A long time after the switch is closed, the current through the inductance does not change. Voltage across the inductor is V (2H) = L x (dI) / (dt) = 0. It can be considered as zero resistance. It is in parallel with 100Ω resistor, so resistance of the combination will be zero. Now the circuit consists of a battery of emf 10V and a resistance 10Ω.

Current through the circuit is I = (10) / (10) = 1A

Voltage across the 10Ω resistor is V (10Ω) = 10V

Voltage across the inductor is V (2H) = 0V

Voltage across the 100Ω resistor is V (100Ω) = 0V

Current through 10Ω is I (10Ω) = 1A

Current through inductor is I (2H) = 1A

Current through 100Ω resistor is I (100Ω) = 0A

2)

After currents and voltages reached steady state again, the switch is opened again.
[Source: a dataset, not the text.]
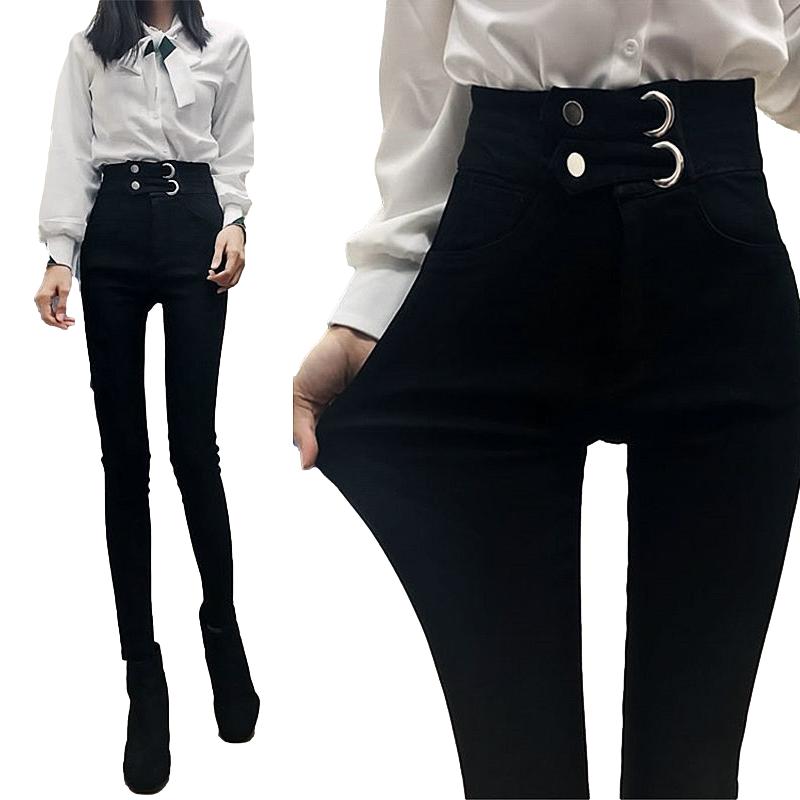 WTEMPO Stretch Trousers Leggings Women's High Waist Worn Outside Cotton Black Tight Pants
Now the circuit consists of 100Ω resistor and 2H inductor in series. At time t=0, the current through the circuit is I₀ = 1A,

At time t=0, the current through the 2H inductor is I (2H) = 1A and is flowing down the inductor.

Current through the 100Ω resistor after time t is I (100Ω) = I₀ x (1-e^{-Rt/L})

I (100Ω) = 1 (1-e^{-100*0.02/2}) = 0.632A

Direction of current in 100Ω resistor is UP.